The most recent version of the package can be installed with the following line of code. This requires the devtools package to be installed.
P53_HUMAN <- TP53Sequences[2]
print(P53_HUMAN)
#> P04637|P53_HUMAN
#> "MEEPQSDPSVEPPLSQETFSDLWKLLPENNVLSPLPSQAMDDLMLSPDDIEQWFTEDPGPDEAPRMPEAAPPVAPAPAAPTPAAPAPAPSWPLSSSVPSQKTYQGSYGFRLGFLHSGTAKSVTCTYSPALNKMFCQLAKTCPVQLWVDSTPPPGTRVRAMAIYKQSQHMTEVVRRCPHHERCSDSDGLAPPQHLIRVEGNLRVEYLDDRNTFRHSVVVPYEPPEVGSDCTTIHYNYMCNSSCMGGMNRRPILTIITLEDSSGNLLGRNSFEVRVCACPGRDRRTEEENLRKKGEPHHELPPGSTKRALPNNTSSSPQPKKKPLDGEYFTLQIRGRERFEMFRELNEALELKDAQAGKEPGGSRAHSSHLKSKKGQSTSRHKKLMFKTEGPDSD"

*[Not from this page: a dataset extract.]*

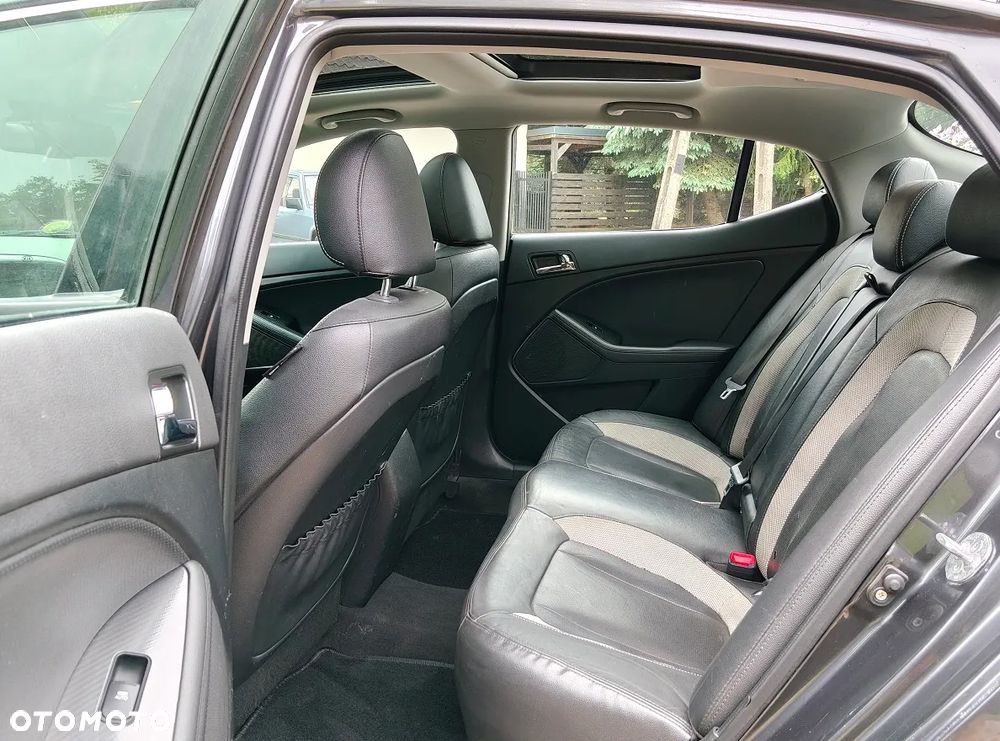 Kia Optima 1.7 CRDi M - 23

The values can be discrete, like the output of structuralTendency(), or continuous, like the output of chargeCalculationGlobal()
tendencyDF <- structuralTendency(sequence = P53_HUMAN)
head(tendencyDF)
#> Position AA Tendency
#> 1 1 M Order Promoting
#> 2 2 E Disorder Promoting
#> 3 3 E Disorder Promoting
#> 4 4 P Disorder Promoting
#> 5 5 Q Disorder Promoting
#> 6 6 S Disorder Promoting
chargeDF <- chargeCalculationGlobal(sequence = P53_HUMAN,
includeTermini = FALSE)
head(chargeDF)
#> Position AA Charge
#> 1 1 M 0.0000000
#> 2 2 E -0.9974244
#> 3 3 E -0.9974244
#> 4 4 P 0.0000000
#> 5 5 Q 0.0000000
#> 6 6 S 0.0000000
The output of structuralTendency() returns both the amino acid sequence in the column ‘AA’ and the matched values in ‘Tendency’.

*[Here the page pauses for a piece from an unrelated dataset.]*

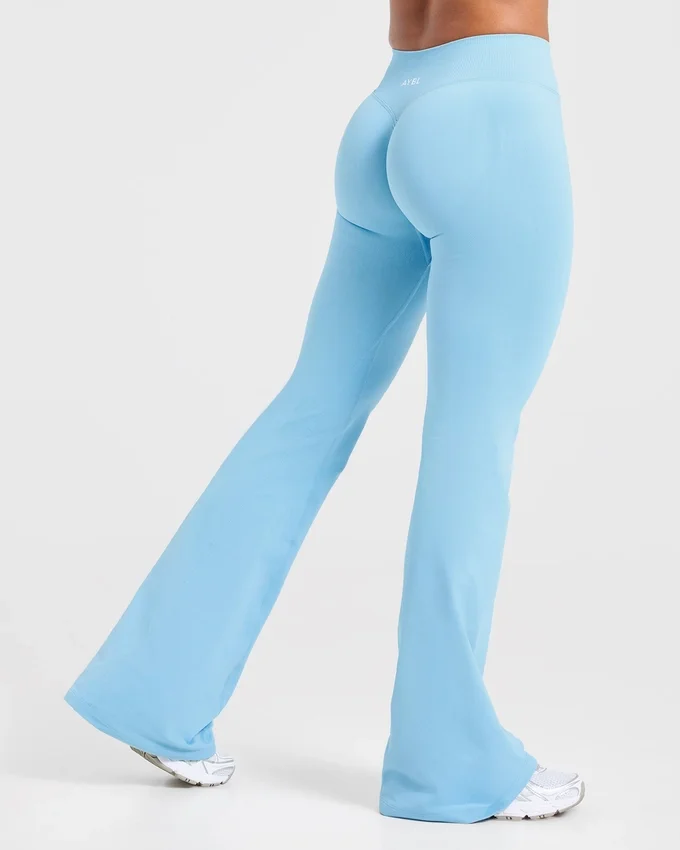 Enhance Nahtlose Leggings mit ausgestelltem Bein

The output of chargeCalculationLocal(plotResults = FALSE) returns both the amino acid sequence in the column ‘AA’ and the calculated values in ‘Charge’.
There are multiple customization options to allow for improved graphing. One is the organization of the labels. You are able to represent the sequence with both amino acid residues and their location in the sequence, but you can choose one or the other (or neither). This is specified by the ‘labelType’ argument
sequenceMap(
sequence = tendencyDF$AA,
property = tendencyDF$Tendency,
labelType = "AA") #Only AA residue Labels
sequenceMap(
sequence = tendencyDF$AA,
property = tendencyDF$Tendency,
labelType = "number") #Only residue numner labels
There is also the option of where to plot the labels. either “on” or “below” the sequence graphic. This is done with the “labelLocation” argument.
sequenceMap(
sequence = tendencyDF$AA,
property = tendencyDF$Tendency,
labelType = "number",
labelLocation = "on") #Residue numbers printed on the sequence graphic
sequenceMap(
sequence = tendencyDF$AA,
property = tendencyDF$Tendency,
labelType = "number",
labelLocation = "below") #Residue numbers printed below the sequence graphic
The text can also be rotated, via the ‘rotationAngle’ argument, for ease of reading. This is especially helpful for larger sequences with dense graphics.
sequenceMap(
sequence = tendencyDF$AA,
property = tendencyDF$Tendency,
labelType = "number",
labelLocation = "on",
rotationAngle = 90)
Also to avoid an overwhelming visual, you can specify the pattern of labels with everyN. This number selects every Nth residue to be printed. everyN = 1 every residue is printed. everyN = 10 every 10th residue is printed.
sequenceMap(
sequence = tendencyDF$AA,
property = tendencyDF$Tendency,
labelType = "number",
labelLocation = "on",
everyN = 1) #Every residue
sequenceMap(
sequence = tendencyDF$AA,
property = tendencyDF$Tendency,
labelType = "number",
labelLocation = "on",
everyN = 2) #Every 2nd (or every other)
sequenceMap(
sequence = tendencyDF$AA,
property = tendencyDF$Tendency,
labelType = "number",
labelLocation = "on",
everyN = 10) #Every 10th residue is printed
You can also change the number of residues on each line with nbResidues. This helps improve visualization based on the sequence size. Visualizing a larger sequence will likely benefit from a larger nbResidues value.